═══ STUDY MATERIAL

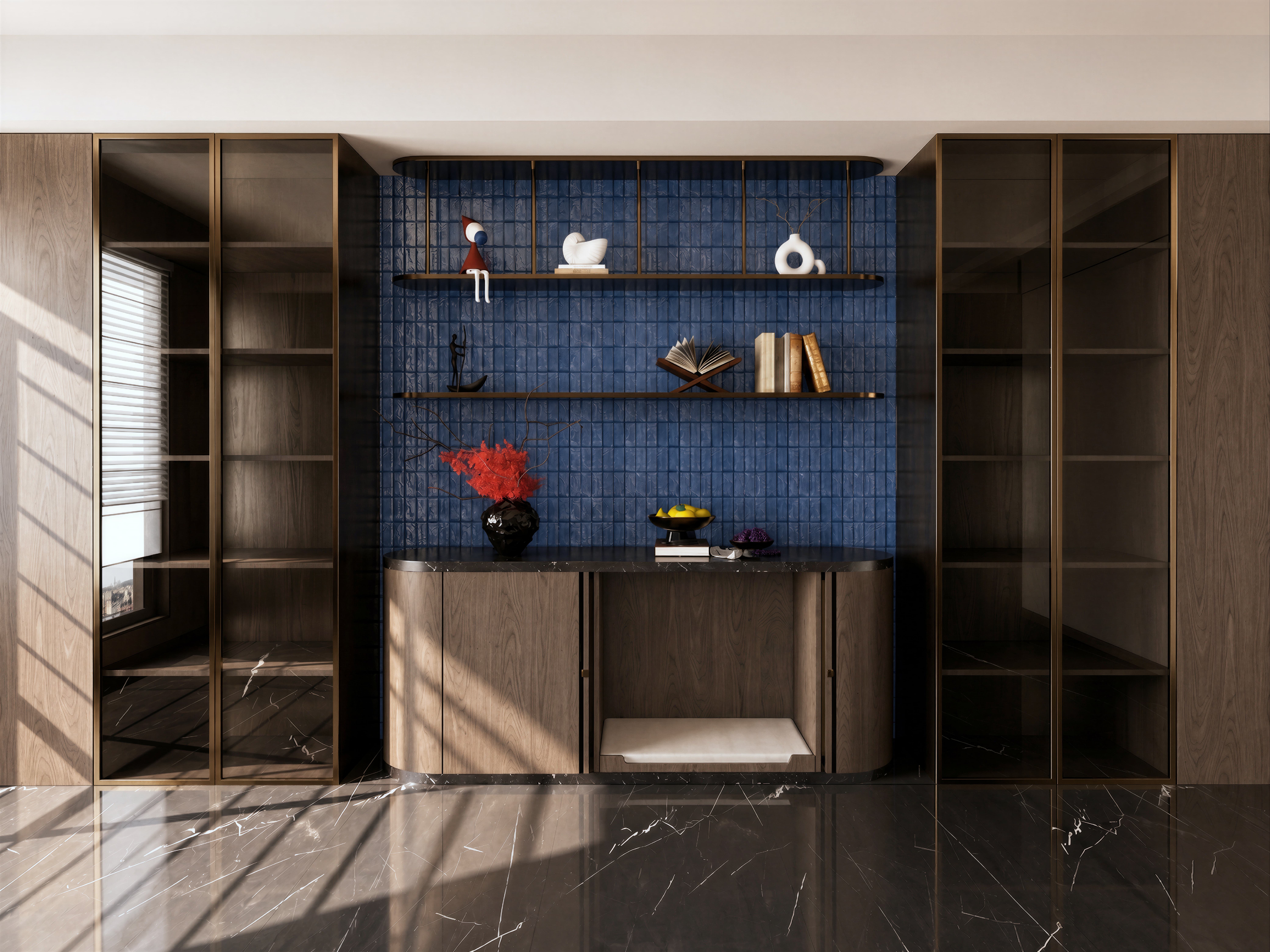 The Curved Walnut Dining Credenza — bespoke credenza pet architecture by HĀM Studio
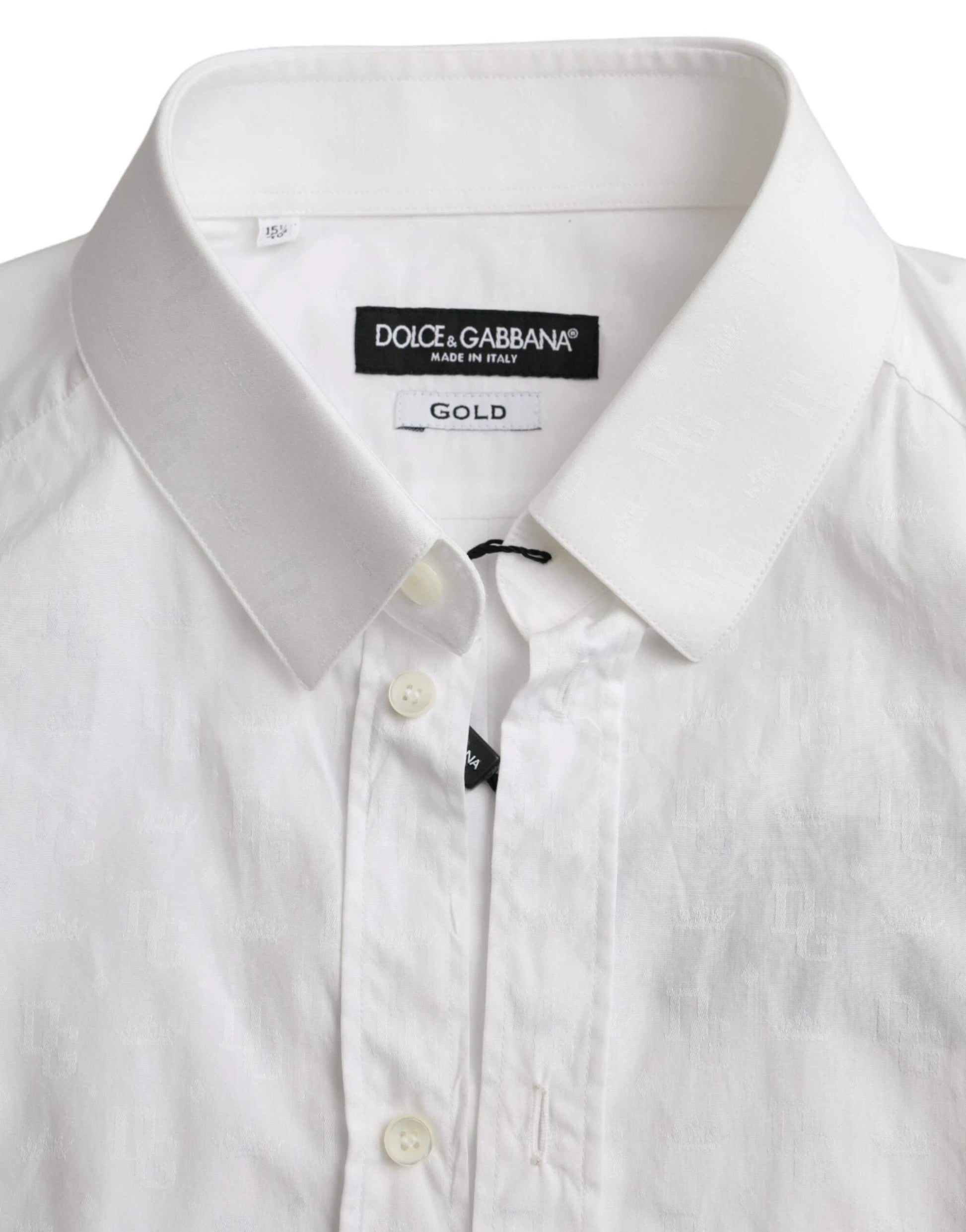 Dolce & Gabbana White Cotton Long Sleeve Dress GOLD Shirt by Dolce & Gabbana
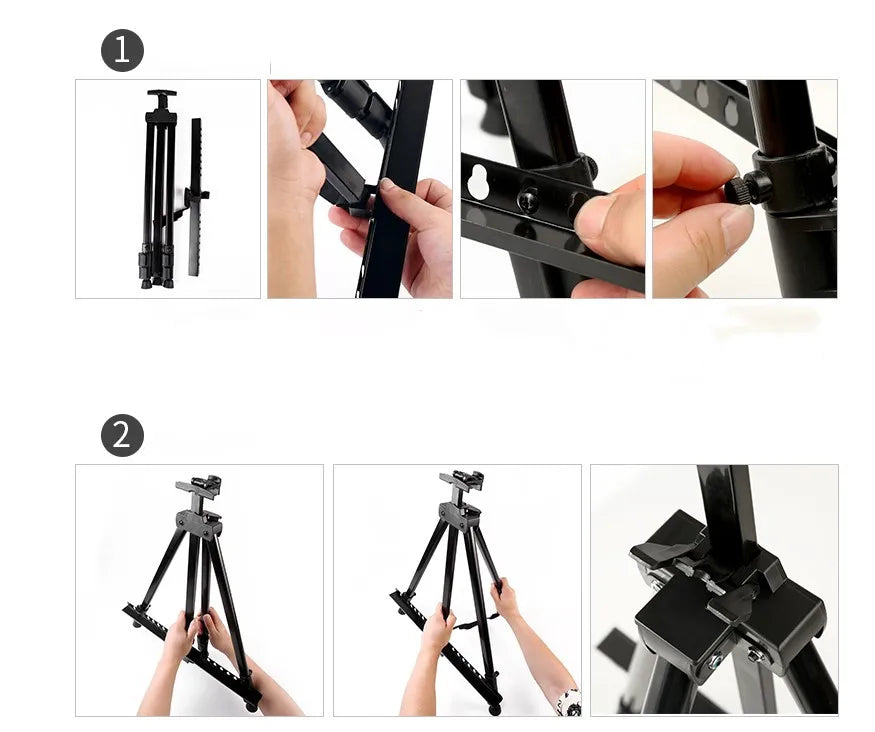 Portable Adjustable Metal Sketch Easel with Travel Bag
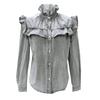 Women's Loose-fitting And Casual Long-sleeved Solid-color Denim Shirt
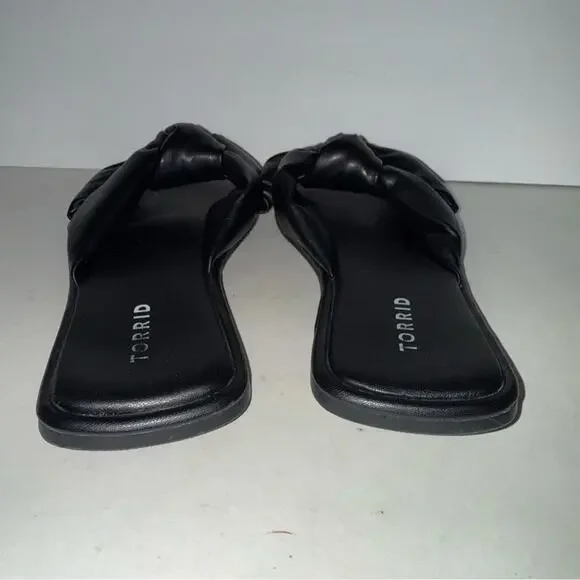 TORRID Twist Knot Slides Womens Black Faux Leather Sandals 10WW - Picture 2 of 4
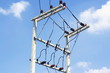 Electricity power tower and transmission lines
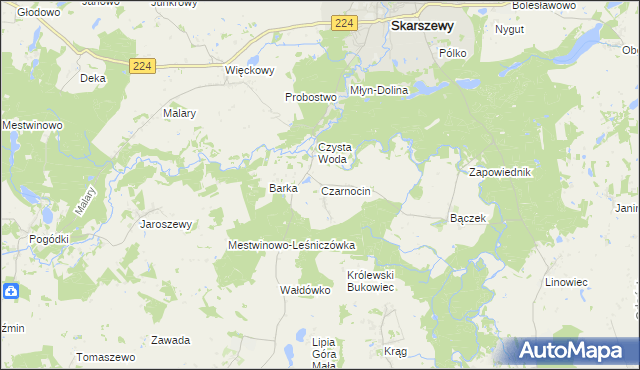 mapa Czarnocin gmina Skarszewy, Czarnocin gmina Skarszewy na mapie Targeo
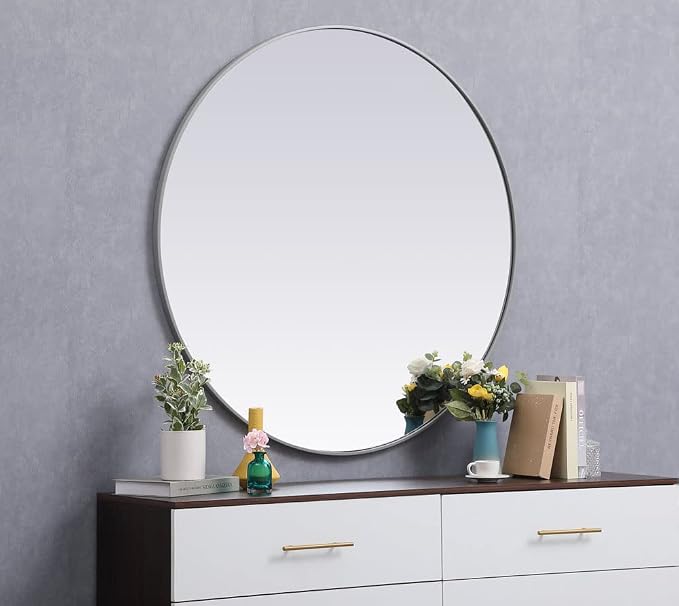 Elegant Decor Eternity 45" Round Mid Century Metal Frame Mirror in Black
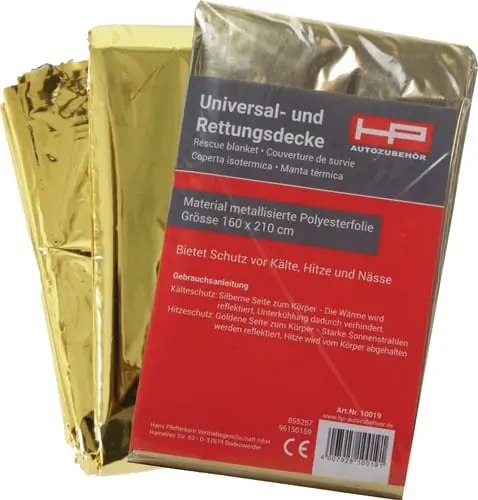 Rettungsdecke DIN 13164 L2100xB1600xH0,2ca.mm Faltmaß ca.144x80x20mm - 10019 Direkt Vom Hersteller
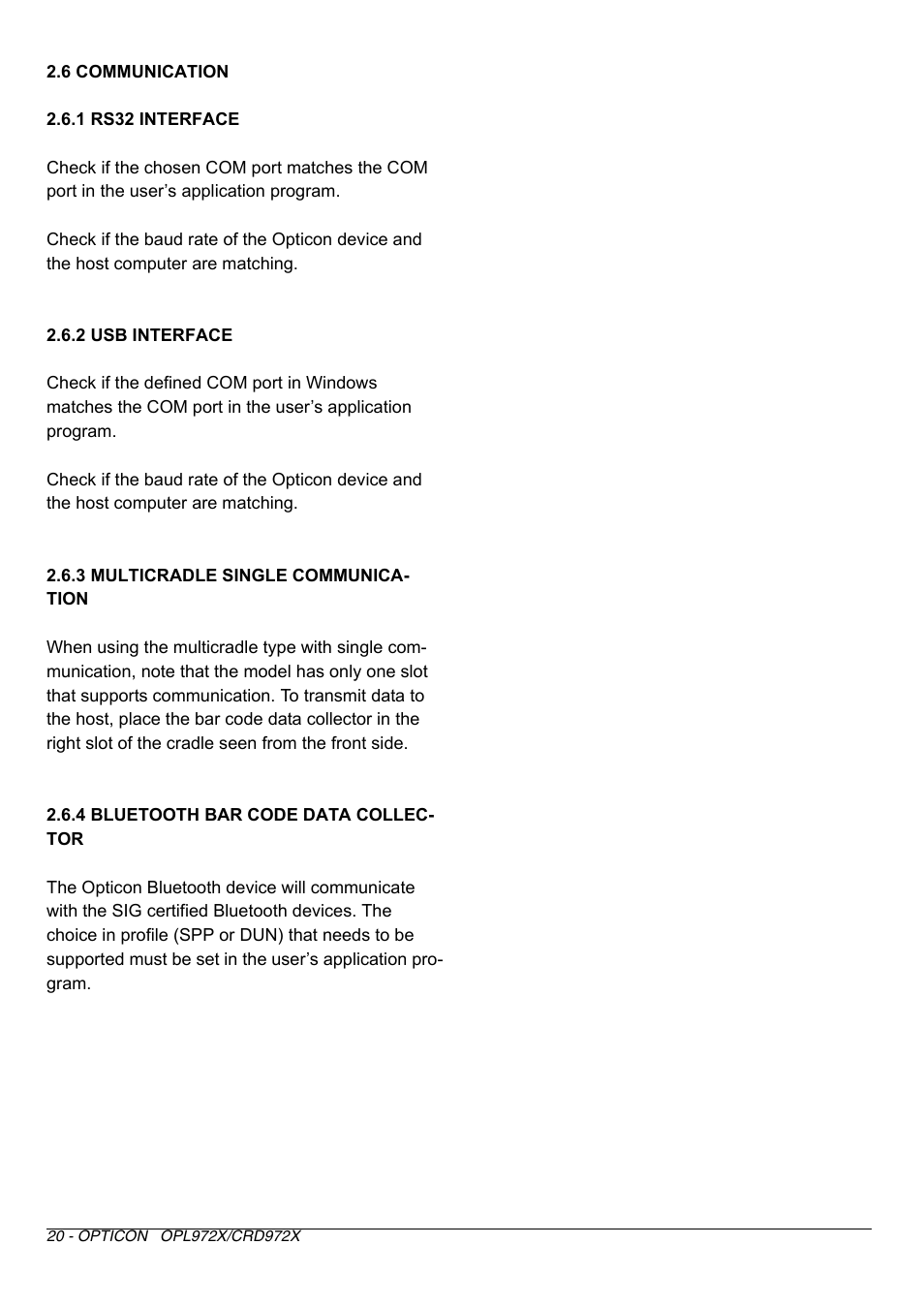 Opticon CRD 972X User Manual | Page 20 / 23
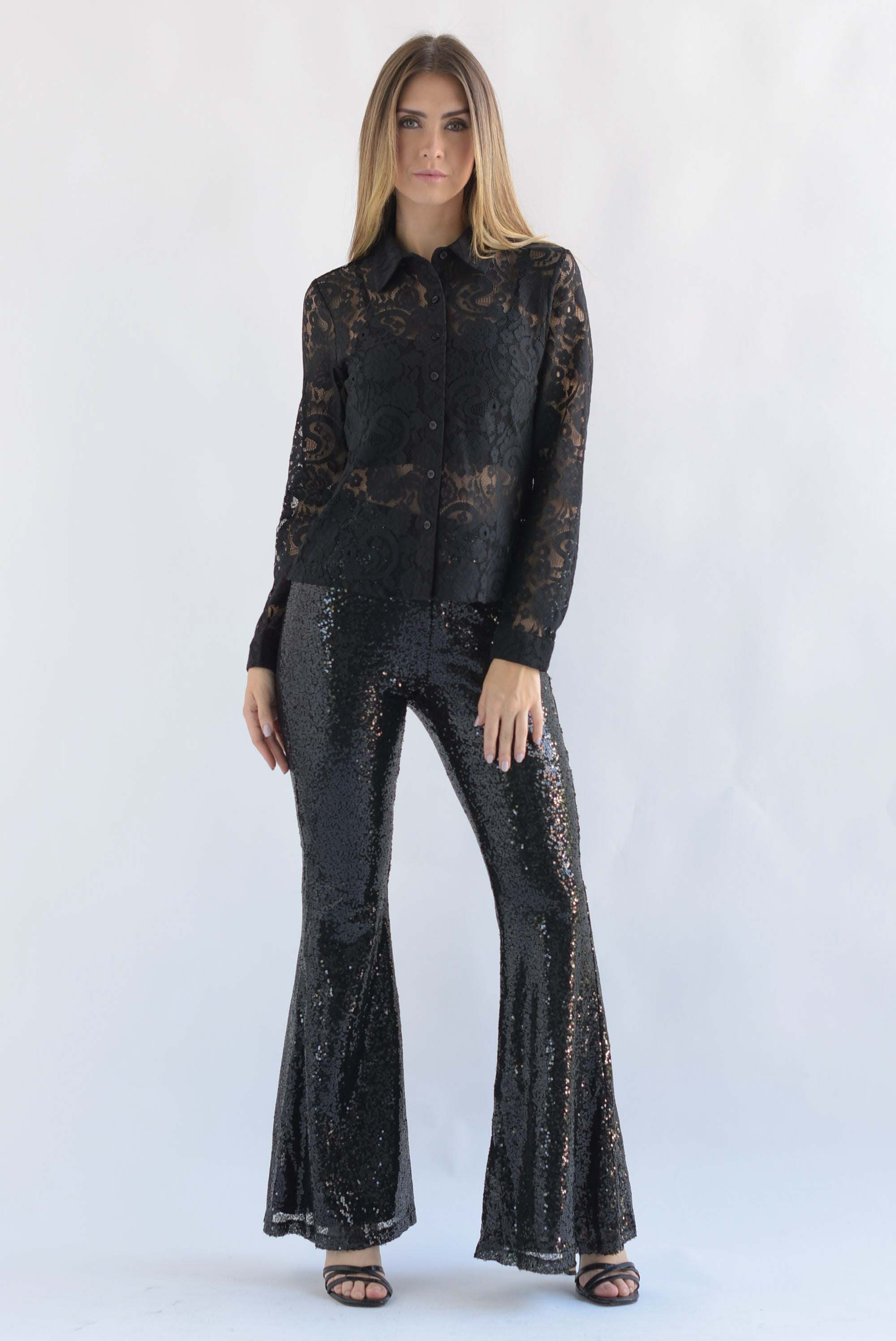 Pantalón acampanado lentejuelas Negro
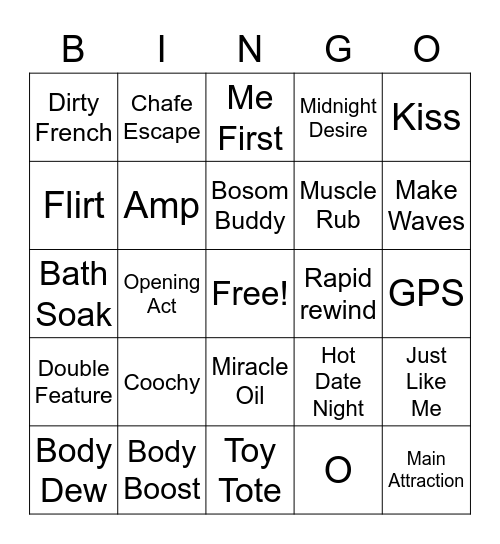 Pure Romance Bingo Card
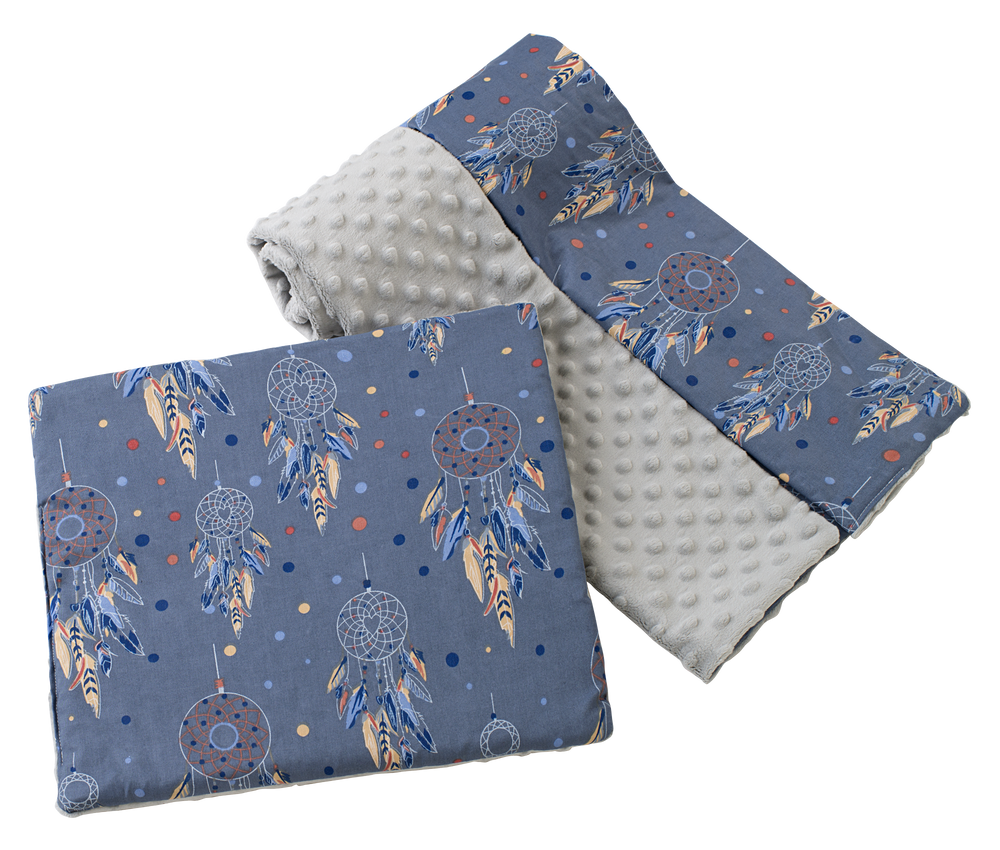 Medi Partners Quilt 75x100 + pillow 35x30 cotton + minky – Dreamcatchers + gray minky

══════

▶ ASSIGNMENT
Copy the listing over exactly, skipping the pictures it holds.

▶ ANSWER TO THE EXERCISE
 The Curved Walnut Dining Credenza — bespoke credenza pet architecture by HĀM Studio
 Dolce & Gabbana White Cotton Long Sleeve Dress GOLD Shirt by Dolce & Gabbana
 Portable Adjustable Metal Sketch Easel with Travel Bag
 Women's Loose-fitting And Casual Long-sleeved Solid-color Denim Shirt
 TORRID Twist Knot Slides Womens Black Faux Leather Sandals 10WW - Picture 2 of 4
 Electricity power tower and transmission lines
 mapa Czarnocin gmina Skarszewy, Czarnocin gmina Skarszewy na mapie Targeo
 Elegant Decor Eternity 45" Round Mid Century Metal Frame Mirror in Black
 Rettungsdecke DIN 13164 L2100xB1600xH0,2ca.mm Faltmaß ca.144x80x20mm - 10019 Direkt Vom Hersteller
 Opticon CRD 972X User Manual | Page 20 / 23
 Pantalón acampanado lentejuelas Negro
 Pure Romance Bingo Card
 Medi Partners Quilt 75x100 + pillow 35x30 cotton + minky – Dreamcatchers + gray minky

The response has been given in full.